Study guide for Examlet 2

Here is a non-exhaustive list of questions you should be able to answer as you prepare for the examlet.

Past chapters

See the study guide for examlet 1. (Recall from the course policies that our examlets are cumulative.)

What is interpolation?
What is a Vandermonde matrix?
What is the monomial basis?
How are the coefficients in the interpolating polynomial found?
What is the asymptotic (big-O) behavior of the error in interpolation? What does $h$ represent in the error term?
For what types of functions do you expect interpolation to work well? For which is that not the case?
What reasons exist to consider composite interpolation? (i.e. multiple polynomials on multiple adjacent intervals)

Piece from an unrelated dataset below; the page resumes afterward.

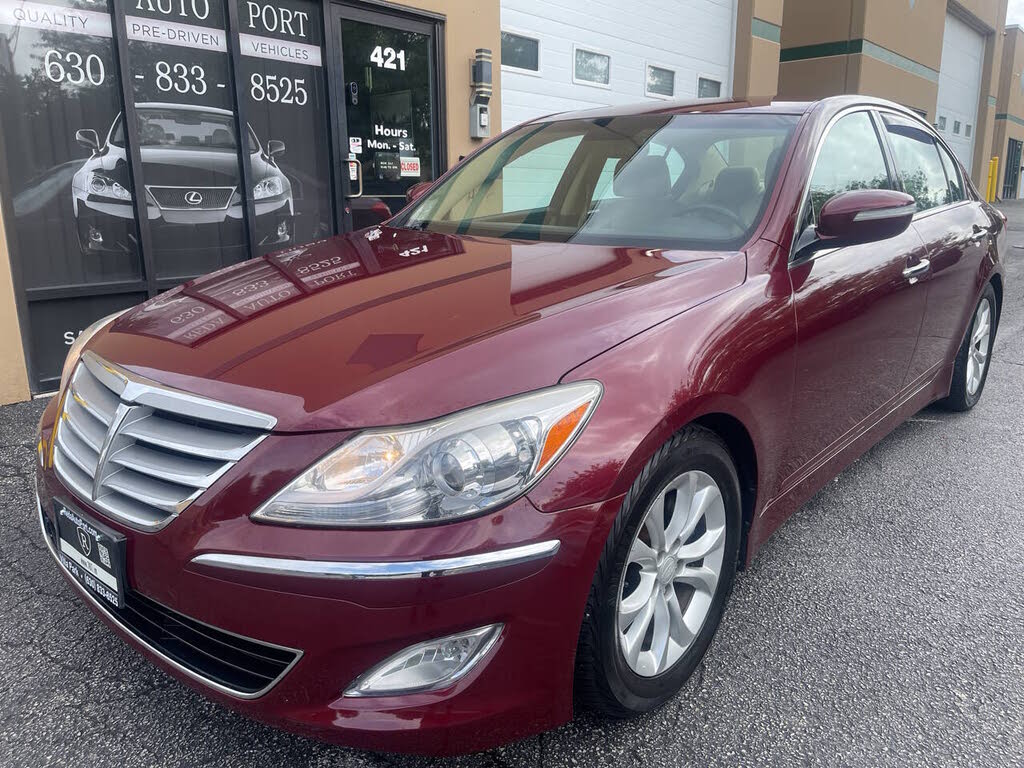 2012 Hyundai Genesis 3.8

What is a random variable?
What is a distribution function? What requirements does it satisfy?
What does the law of large numbers say?
What is a sample?
What is a sample mean?
What is an expected value? What is variance?
How does the application of functions $f(X)$ affect the distribution of a random variable $X$?
What is the Box-Muller transform?
How do the samples in the law of large numbers need to be distributed?
How can you use the law of large numbers if it is difficult/expensive to sample from the random variable's distribution?
How can you use the law of large numbers if the normalization factor on the distribution of a random variable is not known?
What is the asymptotic (big-O) behavior of the error in sampling?